■ DATA SHOWN
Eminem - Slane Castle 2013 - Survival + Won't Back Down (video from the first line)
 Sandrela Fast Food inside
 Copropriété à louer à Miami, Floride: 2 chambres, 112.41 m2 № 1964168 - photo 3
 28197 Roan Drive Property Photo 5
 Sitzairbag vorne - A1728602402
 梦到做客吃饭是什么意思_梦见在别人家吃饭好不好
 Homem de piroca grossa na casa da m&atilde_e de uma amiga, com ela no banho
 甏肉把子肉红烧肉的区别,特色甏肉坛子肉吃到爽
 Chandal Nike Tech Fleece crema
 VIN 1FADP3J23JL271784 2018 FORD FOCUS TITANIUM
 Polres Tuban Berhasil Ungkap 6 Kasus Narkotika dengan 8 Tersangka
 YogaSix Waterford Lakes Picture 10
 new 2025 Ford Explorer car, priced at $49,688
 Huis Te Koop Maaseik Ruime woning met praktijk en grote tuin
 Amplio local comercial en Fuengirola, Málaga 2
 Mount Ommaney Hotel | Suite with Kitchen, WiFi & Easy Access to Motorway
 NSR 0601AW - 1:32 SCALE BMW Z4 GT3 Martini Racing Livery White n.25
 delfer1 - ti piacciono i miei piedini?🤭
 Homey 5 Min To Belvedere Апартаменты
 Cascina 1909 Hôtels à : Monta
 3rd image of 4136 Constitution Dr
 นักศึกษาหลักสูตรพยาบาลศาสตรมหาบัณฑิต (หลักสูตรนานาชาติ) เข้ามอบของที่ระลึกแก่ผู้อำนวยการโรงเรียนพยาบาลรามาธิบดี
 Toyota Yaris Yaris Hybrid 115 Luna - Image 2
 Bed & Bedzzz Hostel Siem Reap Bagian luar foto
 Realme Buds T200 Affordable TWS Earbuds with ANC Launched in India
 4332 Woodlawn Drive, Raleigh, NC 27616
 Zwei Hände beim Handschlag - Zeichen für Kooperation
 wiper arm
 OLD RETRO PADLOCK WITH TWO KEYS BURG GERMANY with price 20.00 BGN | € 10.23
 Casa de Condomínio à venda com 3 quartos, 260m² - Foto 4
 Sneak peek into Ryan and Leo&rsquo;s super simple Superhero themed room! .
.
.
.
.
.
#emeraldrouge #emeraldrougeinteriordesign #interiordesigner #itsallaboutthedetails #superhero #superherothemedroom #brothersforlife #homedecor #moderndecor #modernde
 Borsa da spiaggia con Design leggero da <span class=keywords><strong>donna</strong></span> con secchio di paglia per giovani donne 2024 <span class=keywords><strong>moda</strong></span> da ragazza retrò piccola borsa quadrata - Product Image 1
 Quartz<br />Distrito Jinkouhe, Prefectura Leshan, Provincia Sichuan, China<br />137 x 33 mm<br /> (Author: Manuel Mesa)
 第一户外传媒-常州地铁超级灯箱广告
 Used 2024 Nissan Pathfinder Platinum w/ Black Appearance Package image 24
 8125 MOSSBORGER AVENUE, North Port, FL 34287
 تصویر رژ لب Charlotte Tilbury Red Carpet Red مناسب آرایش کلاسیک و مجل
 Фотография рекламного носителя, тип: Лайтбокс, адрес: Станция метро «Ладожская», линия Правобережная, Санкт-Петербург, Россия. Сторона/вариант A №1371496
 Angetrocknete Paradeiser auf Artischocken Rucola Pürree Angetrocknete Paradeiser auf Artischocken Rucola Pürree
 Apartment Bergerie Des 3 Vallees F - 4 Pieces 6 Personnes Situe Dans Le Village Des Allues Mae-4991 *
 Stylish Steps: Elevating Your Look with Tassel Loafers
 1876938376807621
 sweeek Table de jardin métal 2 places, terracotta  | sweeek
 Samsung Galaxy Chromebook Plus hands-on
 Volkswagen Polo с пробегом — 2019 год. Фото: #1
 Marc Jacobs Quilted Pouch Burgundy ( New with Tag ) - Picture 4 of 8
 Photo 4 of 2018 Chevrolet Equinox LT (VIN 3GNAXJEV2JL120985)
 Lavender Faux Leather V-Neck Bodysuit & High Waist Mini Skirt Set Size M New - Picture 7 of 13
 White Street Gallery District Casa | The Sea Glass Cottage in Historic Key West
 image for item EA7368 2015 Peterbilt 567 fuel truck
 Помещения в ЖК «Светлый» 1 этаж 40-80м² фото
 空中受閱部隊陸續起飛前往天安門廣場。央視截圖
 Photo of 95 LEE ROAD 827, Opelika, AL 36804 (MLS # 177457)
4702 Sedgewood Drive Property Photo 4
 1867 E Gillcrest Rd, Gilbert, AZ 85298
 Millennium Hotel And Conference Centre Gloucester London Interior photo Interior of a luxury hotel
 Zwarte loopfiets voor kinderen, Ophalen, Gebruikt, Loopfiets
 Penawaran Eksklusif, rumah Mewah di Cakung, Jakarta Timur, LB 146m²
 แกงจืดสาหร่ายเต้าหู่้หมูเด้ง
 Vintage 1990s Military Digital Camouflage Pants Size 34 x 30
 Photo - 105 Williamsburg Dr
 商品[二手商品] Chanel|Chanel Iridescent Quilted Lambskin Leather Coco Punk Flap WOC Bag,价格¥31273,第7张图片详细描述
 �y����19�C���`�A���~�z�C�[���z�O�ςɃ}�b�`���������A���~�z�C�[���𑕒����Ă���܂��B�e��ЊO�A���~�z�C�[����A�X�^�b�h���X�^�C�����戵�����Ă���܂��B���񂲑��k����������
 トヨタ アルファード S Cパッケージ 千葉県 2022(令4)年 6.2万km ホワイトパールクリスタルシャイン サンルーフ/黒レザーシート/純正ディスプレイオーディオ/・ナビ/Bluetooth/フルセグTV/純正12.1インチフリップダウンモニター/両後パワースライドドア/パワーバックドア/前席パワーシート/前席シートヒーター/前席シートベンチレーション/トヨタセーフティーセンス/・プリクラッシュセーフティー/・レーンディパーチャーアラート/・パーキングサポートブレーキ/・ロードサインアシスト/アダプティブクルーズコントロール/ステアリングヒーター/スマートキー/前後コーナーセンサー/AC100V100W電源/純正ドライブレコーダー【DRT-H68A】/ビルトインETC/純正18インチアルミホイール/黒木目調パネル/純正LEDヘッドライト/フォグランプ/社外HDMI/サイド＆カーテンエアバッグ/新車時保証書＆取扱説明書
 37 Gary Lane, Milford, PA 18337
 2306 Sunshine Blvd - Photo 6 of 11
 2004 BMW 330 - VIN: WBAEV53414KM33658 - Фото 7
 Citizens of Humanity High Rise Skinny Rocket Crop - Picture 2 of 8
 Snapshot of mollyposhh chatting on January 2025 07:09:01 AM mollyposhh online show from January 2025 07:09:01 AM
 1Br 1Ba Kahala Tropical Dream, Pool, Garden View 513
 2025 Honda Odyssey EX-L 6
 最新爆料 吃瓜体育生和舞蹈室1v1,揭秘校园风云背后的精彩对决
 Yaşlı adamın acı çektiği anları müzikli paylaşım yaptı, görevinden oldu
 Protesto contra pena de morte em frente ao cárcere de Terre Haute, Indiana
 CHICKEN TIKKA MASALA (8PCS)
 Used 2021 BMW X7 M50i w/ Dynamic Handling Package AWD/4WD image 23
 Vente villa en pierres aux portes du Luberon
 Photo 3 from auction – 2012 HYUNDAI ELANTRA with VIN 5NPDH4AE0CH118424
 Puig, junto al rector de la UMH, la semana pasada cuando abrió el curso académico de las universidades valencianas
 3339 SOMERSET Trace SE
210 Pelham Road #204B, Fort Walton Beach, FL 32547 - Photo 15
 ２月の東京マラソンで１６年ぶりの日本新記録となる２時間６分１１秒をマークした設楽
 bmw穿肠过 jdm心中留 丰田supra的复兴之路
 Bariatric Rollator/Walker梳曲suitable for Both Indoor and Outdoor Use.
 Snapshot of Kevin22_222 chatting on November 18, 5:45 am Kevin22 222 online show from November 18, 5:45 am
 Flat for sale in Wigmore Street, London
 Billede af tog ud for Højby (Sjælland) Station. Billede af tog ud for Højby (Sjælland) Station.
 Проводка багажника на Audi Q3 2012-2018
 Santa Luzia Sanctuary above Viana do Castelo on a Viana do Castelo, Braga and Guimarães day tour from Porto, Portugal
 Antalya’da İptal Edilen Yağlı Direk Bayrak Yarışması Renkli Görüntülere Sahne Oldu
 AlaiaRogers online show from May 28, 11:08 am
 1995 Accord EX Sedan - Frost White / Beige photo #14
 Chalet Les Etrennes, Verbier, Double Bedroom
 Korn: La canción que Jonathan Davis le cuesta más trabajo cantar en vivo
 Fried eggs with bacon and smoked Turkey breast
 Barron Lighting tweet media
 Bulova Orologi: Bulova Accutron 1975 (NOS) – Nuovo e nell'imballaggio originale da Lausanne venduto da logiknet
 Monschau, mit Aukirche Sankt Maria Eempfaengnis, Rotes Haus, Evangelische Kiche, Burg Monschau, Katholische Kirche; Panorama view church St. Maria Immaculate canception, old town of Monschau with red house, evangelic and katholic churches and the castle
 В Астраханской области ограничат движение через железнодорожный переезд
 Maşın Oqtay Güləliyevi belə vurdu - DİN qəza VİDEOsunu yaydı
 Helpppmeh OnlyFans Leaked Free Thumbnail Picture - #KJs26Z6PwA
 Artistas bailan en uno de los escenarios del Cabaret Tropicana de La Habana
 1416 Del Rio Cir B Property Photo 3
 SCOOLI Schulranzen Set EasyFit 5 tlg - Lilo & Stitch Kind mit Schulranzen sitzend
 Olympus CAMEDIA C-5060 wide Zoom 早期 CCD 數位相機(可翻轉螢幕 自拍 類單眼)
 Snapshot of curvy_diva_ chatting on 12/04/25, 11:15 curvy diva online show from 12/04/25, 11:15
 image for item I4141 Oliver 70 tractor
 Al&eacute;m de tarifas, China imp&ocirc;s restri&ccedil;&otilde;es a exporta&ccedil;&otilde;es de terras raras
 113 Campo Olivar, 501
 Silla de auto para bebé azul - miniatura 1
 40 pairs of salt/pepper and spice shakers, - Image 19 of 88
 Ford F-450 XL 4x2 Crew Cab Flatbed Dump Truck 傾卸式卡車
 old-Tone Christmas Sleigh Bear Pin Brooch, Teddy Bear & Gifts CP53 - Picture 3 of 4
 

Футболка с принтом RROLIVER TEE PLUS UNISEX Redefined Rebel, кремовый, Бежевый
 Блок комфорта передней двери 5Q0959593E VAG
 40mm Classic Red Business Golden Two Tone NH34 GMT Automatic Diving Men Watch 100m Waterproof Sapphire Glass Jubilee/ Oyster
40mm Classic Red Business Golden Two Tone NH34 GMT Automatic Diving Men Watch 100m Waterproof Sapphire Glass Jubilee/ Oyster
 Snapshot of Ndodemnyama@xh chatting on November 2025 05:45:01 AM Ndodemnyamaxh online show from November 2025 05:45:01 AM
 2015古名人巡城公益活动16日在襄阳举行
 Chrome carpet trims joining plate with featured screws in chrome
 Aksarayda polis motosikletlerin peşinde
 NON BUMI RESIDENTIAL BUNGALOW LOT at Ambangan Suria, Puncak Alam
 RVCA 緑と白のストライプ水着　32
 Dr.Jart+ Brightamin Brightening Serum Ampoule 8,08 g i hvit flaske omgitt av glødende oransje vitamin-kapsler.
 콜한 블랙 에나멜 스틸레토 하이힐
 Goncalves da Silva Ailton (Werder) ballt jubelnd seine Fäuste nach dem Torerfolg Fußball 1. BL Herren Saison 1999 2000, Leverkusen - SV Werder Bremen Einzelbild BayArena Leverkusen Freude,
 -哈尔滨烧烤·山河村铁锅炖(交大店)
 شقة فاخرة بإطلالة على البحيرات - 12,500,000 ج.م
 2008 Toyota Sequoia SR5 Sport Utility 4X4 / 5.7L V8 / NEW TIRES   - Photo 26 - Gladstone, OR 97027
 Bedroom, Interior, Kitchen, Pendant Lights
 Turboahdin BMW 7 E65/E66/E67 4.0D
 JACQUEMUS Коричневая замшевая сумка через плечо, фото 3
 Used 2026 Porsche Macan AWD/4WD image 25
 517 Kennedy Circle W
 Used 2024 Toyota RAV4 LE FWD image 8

■ PROBLEM STATEMENT
All lines above from the line with "Помещения в ЖК" through the line with "商品[二手商品] Chanel|Chanel Iridescent", both included, are to be set down exactly, with nothing else.

■ SOLUTION FOR THIS EXERCISE
 Помещения в ЖК «Светлый» 1 этаж 40-80м² фото
 空中受閱部隊陸續起飛前往天安門廣場。央視截圖
 Photo of 95 LEE ROAD 827, Opelika, AL 36804 (MLS # 177457)
4702 Sedgewood Drive Property Photo 4
 1867 E Gillcrest Rd, Gilbert, AZ 85298
 Millennium Hotel And Conference Centre Gloucester London Interior photo Interior of a luxury hotel
 Zwarte loopfiets voor kinderen, Ophalen, Gebruikt, Loopfiets
 Penawaran Eksklusif, rumah Mewah di Cakung, Jakarta Timur, LB 146m²
 แกงจืดสาหร่ายเต้าหู่้หมูเด้ง
 Vintage 1990s Military Digital Camouflage Pants Size 34 x 30
 Photo - 105 Williamsburg Dr
 商品[二手商品] Chanel|Chanel Iridescent Quilted Lambskin Leather Coco Punk Flap WOC Bag,价格¥31273,第7张图片详细描述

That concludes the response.